# Fruit and veg for Orchid Mantis



## bugzilla (Apr 28, 2008)

I just watched a video on you tube of an orchid female eating a chunk of banana and also saw a picture of a male somewhere eating an orchid flower :huh: .

would offering such foods be a good idea and would they naturally eat such things?


----------



## Rick (Apr 28, 2008)

They don't eat those things naturally and I suggest you don't feed it to them. There will be people on here that will tell you that they feed their mantids things like banana or hamburger. While they may eat it if you put it against their mouth just keep in mind they don't eat stuff like that in the wild.


----------



## bugzilla (Apr 28, 2008)

Thanks Rick

Heres a link to the

. She looks to be relishing the banana


----------



## Empiu (Apr 28, 2008)

bugzilla said:


> Thanks RickHeres a link to the


I think she is only drinking off the damp. But orchids sometimes like to eat honey with bee pollen if they step on it.


----------



## OGIGA (Apr 28, 2008)

I can't imagine an orchid mantis eating an orchid flower. I guess you'd have to make the mantis think the flower was alive.


----------



## bugzilla (Apr 28, 2008)

Found the picture of the mantis eating the orchid here. Definitly not mistaken identity!


----------



## OGIGA (Apr 28, 2008)

Wow, I never thought it would do that.


----------



## Ben.M (Apr 28, 2008)

Some mantids may eat banana because it is a good source of pottasium and is moist, so its a mantis vitimin shake really


----------



## hibiscusmile (May 2, 2008)

Of course they like a banana once in a while, we like ice cream they like nanas! and honey


----------



## Malnra (May 2, 2008)

it could just be drinking the moisture off the orchid ... /shrug


----------



## Rob Byatt (May 3, 2008)

Geoff_K said:


> it could just be drinking the moisture off the orchid ... /shrug


----------



## matt020593 (May 3, 2008)

Mantids will eat bits of banana and other sweet fruits. It kind of substitutes the sweet pollen and stuff that they'd get in the wild from their food. If you put a lump of mushy banana in their cage they go and find it. It's just a treat though, Psuedocreobotra love it :lol:  .

Matt


----------



## Peter Clausen (May 3, 2008)

bugzilla said:


> Found the picture of the mantis eating the orchid here. Definitly not mistaken identity!

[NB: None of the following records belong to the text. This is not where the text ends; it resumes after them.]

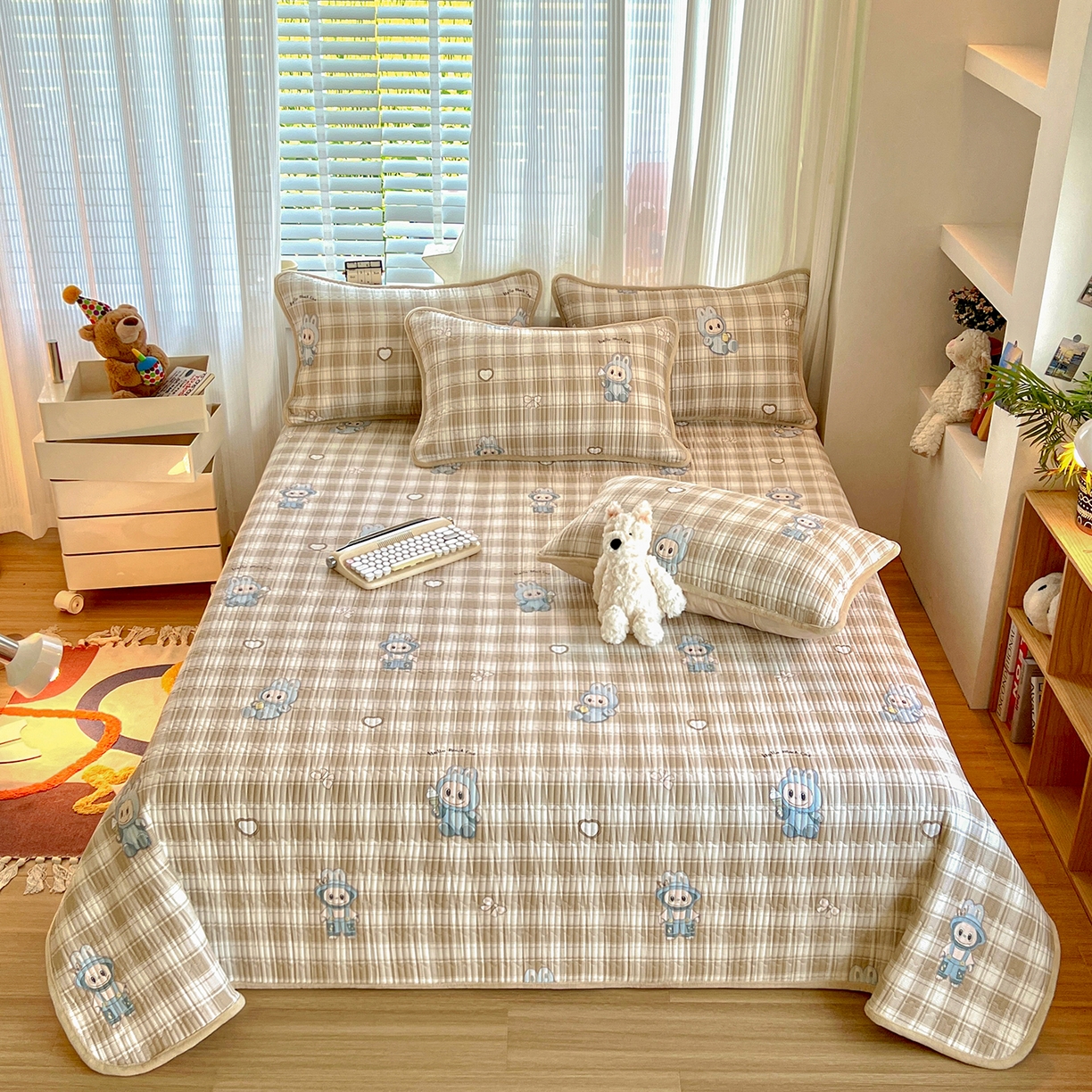 91家纺网 家纺一手货源 找家纺 X猫先生 2025新品棉加绒床盖一面全棉一面牛奶绒床盖炕盖加厚床单床垫四季款系列二 拉布兔兔（A棉B绒）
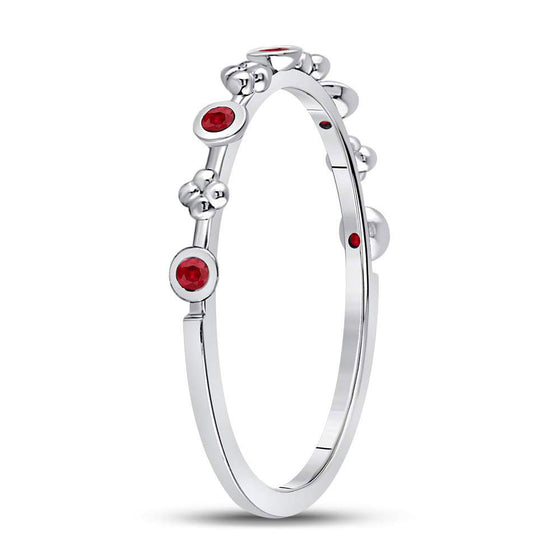 10k White Gold Womens Round Ruby Dot Flower Stackable Band Ring 1/12 Cttw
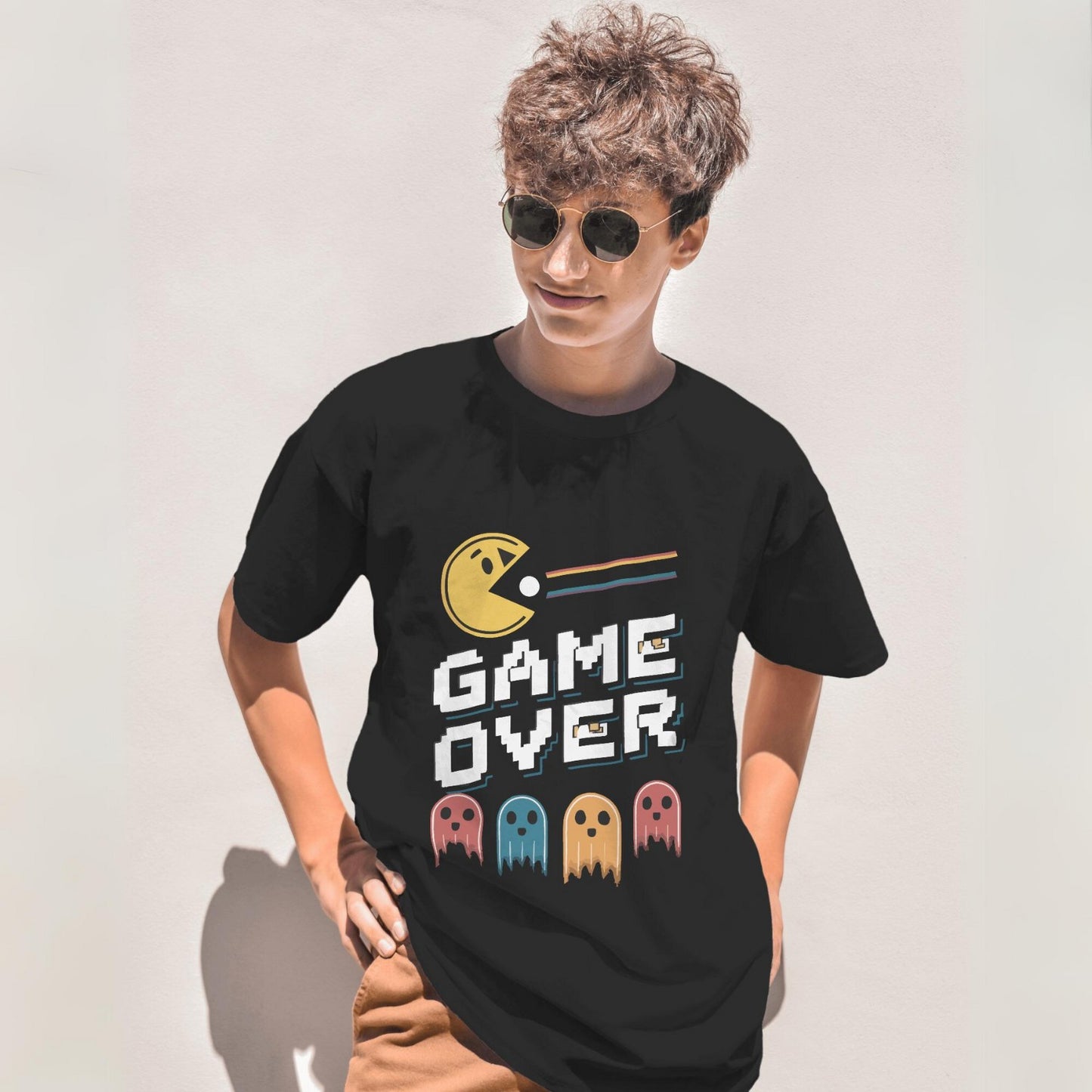Men's Game Over Graphic Printed Oversized Unisex T-shirt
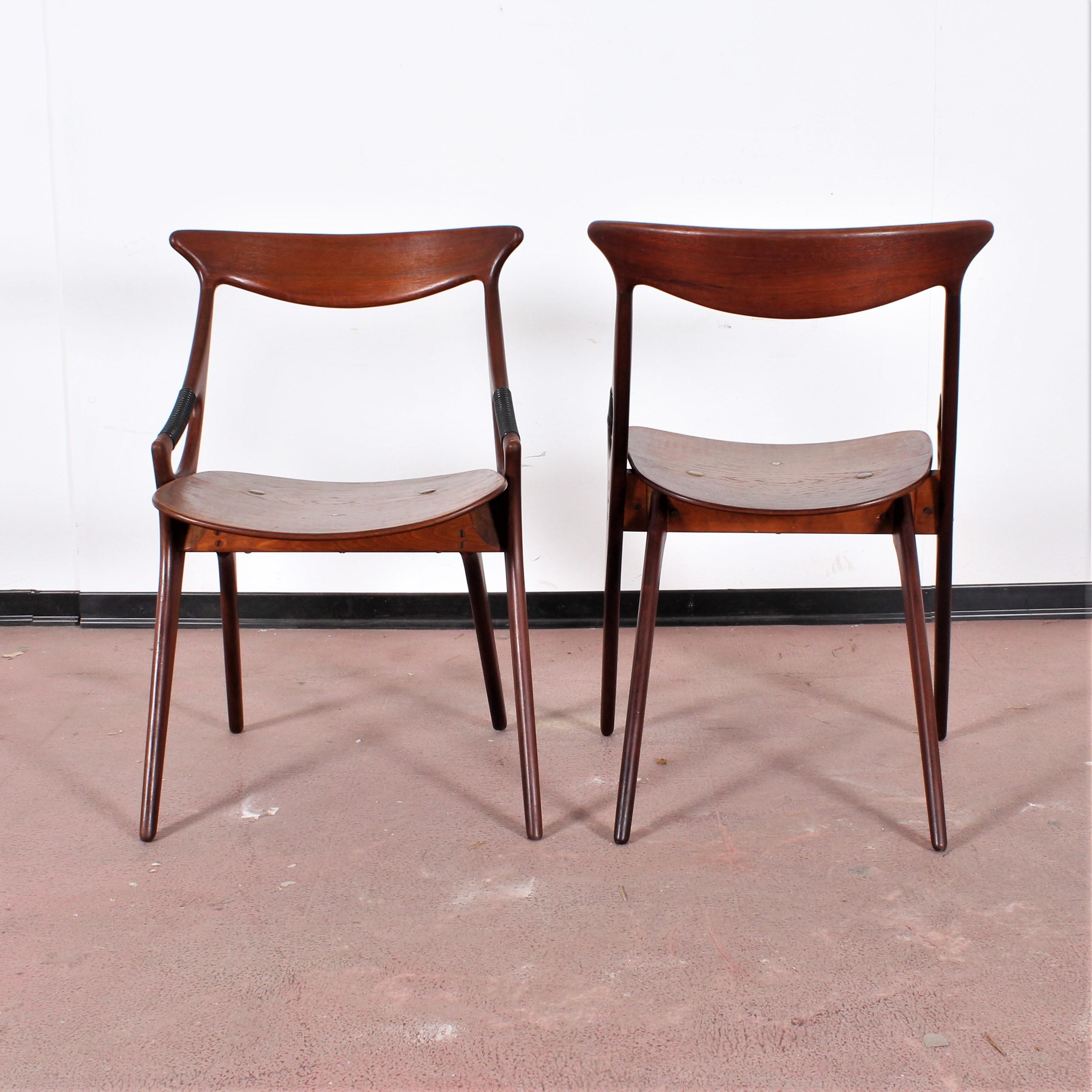 Italian Midcentury, Set of Two Teak Danish Chair by Hovmand-Olsen for M.K., Denmark 50's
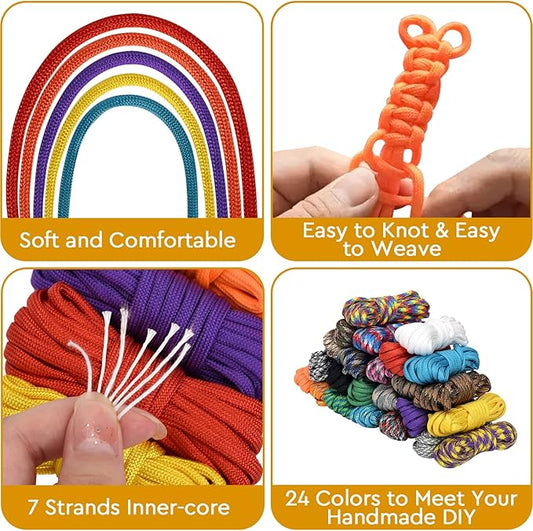 10 Feet Paracord Cord Multifunction Paracord Ropes 550lb Survival Paracord Random Combo Crafting Kit, for Making Lanyard, Bracelet, Dog Collar, Idea for Gift (24 Colors B)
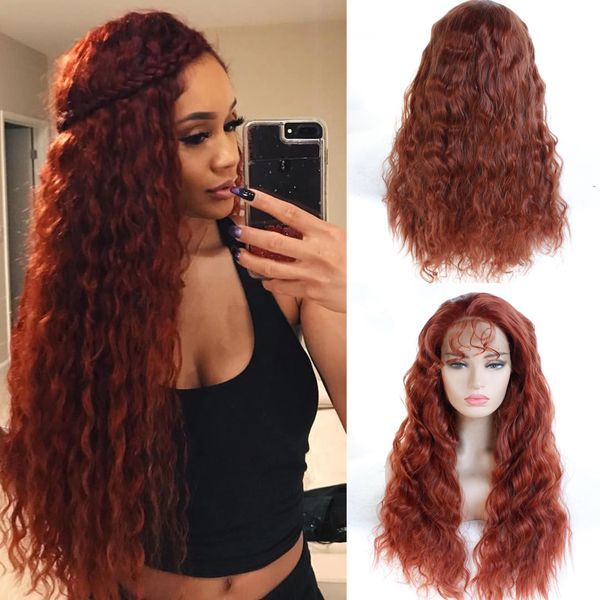 brown-red natural wave synthetic lace front wigs with baby hair long curly synthetic wigs for black women synthetic hair daily cosplay wig
brown-red natural wave synthetic lace front wigs with baby hair long curly synthetic wigs for black women synthetic hair daily cosplay wig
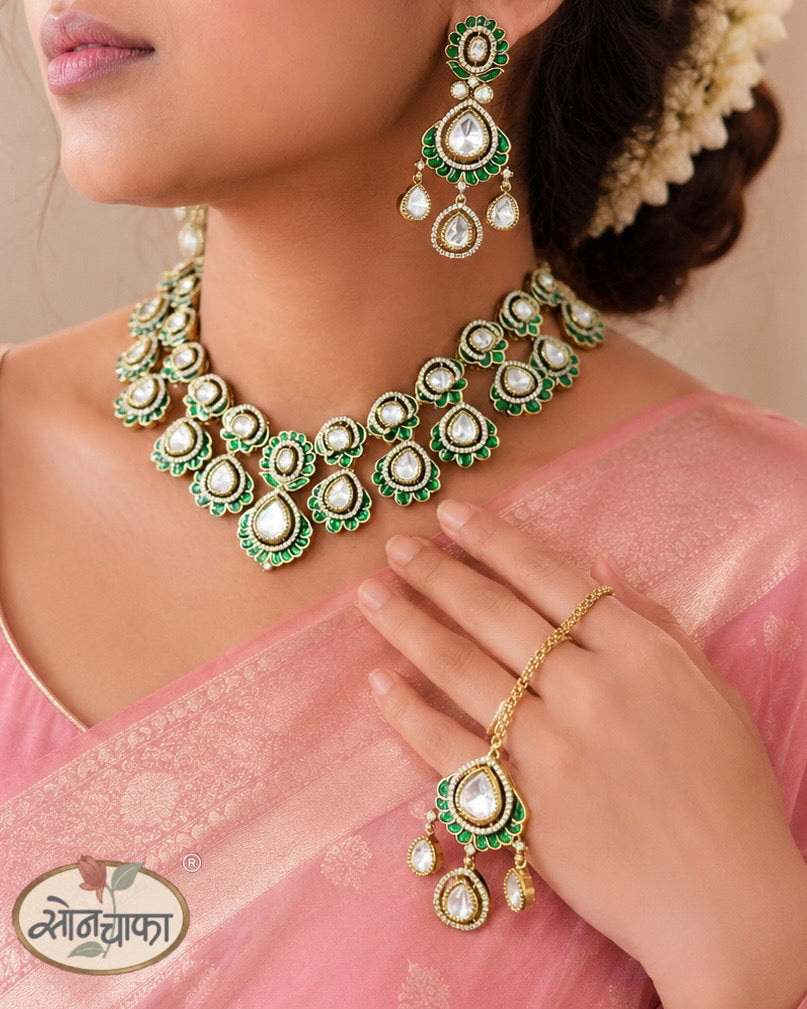 GREEN LOTUS ELEGANCE RAJASI NECKLACE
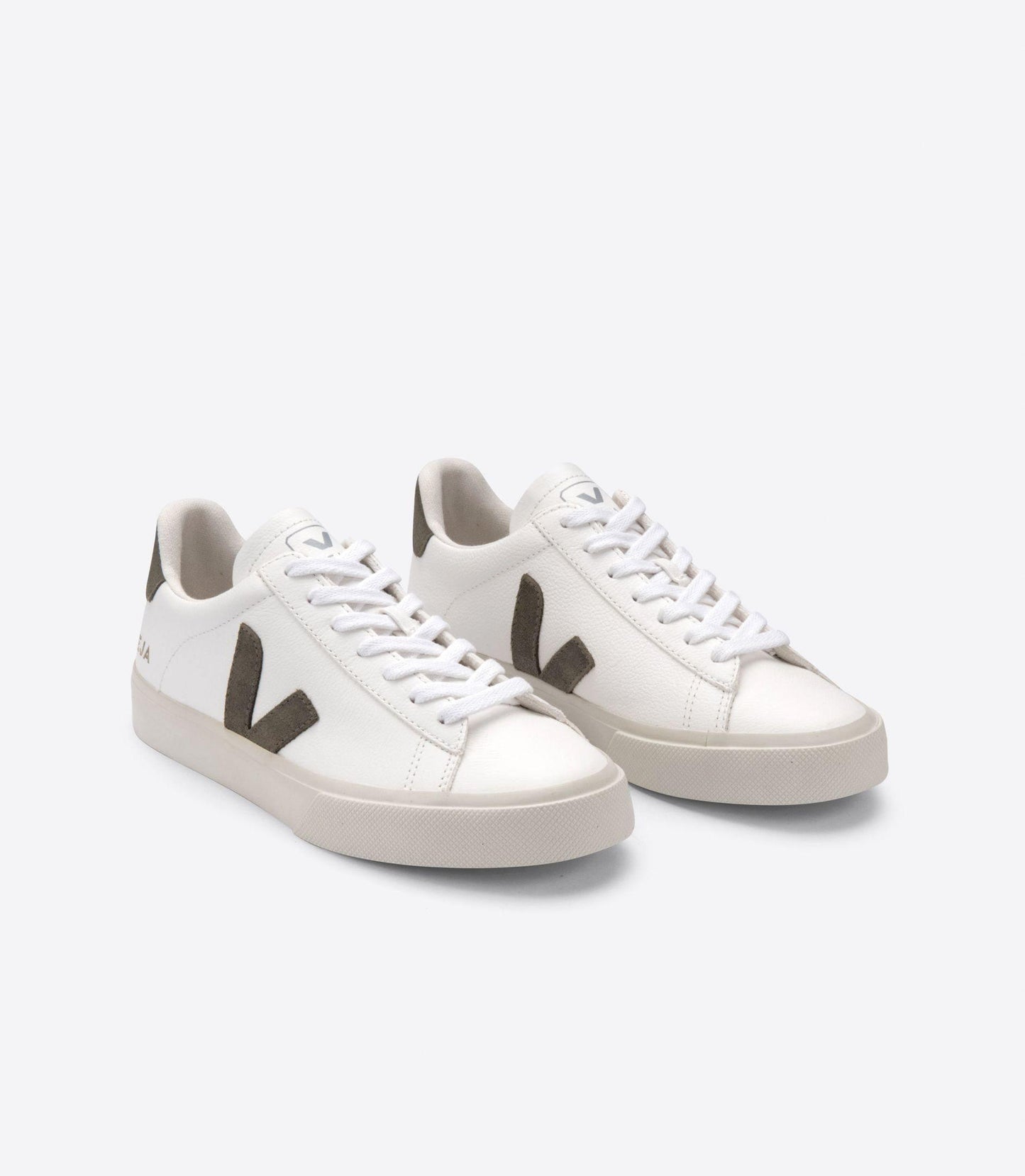 veja campo white khaki leather sneakers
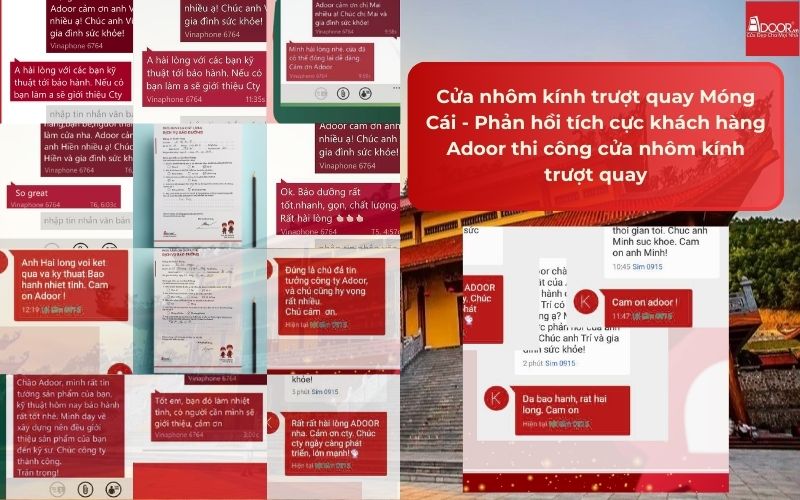 Cửa nhôm kính trượt quay Móng Cái - Phản hồi tích cực khách hàng Adoor thi công cửa nhôm kính trượt quay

I took that photo a long time ago. It don't think it actually consumed any of the orchid flower. It was just sort of chewing some liquids out of it. I'm sorry for leaving that misleading title above the pictures. That part of my site is from 2001 and that was one of my first experiences with orchid mantises. At the time, I did think it might have been trying to gather some nutrients from the flower. Perhaps it was, but more than likely it was just thirsty.


----------



## bugzilla (May 3, 2008)

Peter said:


> I took that photo a long time ago. It don't think it actually consumed any of the orchid flower. It was just sort of chewing some liquids out of it. I'm sorry for leaving that misleading title above the pictures. That part of my site is from 2001 and that was one of my first experiences with orchid mantises. At the time, I did think it might have been trying to gather some nutrients from the flower. Perhaps it was, but more than likely it was just thirsty.


Doh, had me fooled at least :lol: 

It would probably make sense that they may nibble on orchids though since they live on the fower in the wild!


----------



## OGIGA (May 3, 2008)

Maybe they do that for the moisture and end up getting nutrients as well. Sounds like a real possibility to me.


----------



## Morpheus uk (May 4, 2008)

I`ll go try it now with one of my psuedo`s, i now and then feed a slice of apple to my phasmids


----------



## Morpheus uk (May 4, 2008)

Female loved it but may couldnt care less :lol: 







Thier bound to come across open fruit in the wild, i put the bannana in front of her and she walked over and munched


----------



## Morpheus uk (May 4, 2008)

No one interested


----------



## asdsdf (May 4, 2008)

Nope...  

Nah, most of us were just sleeping...

A while ago, my C. modesta hated bannana. Once they touched it, they started running away.


----------



## Morpheus uk (May 4, 2008)

Oh ###### yeah different time


----------



## bugzilla (May 5, 2008)

Morpheus uk said:


> Female loved it but may couldnt care less :lol:
> 
> 
> 
> ...


Cool picture. She's obviously enjoying it so would offering occassional fruit be beneficial?


----------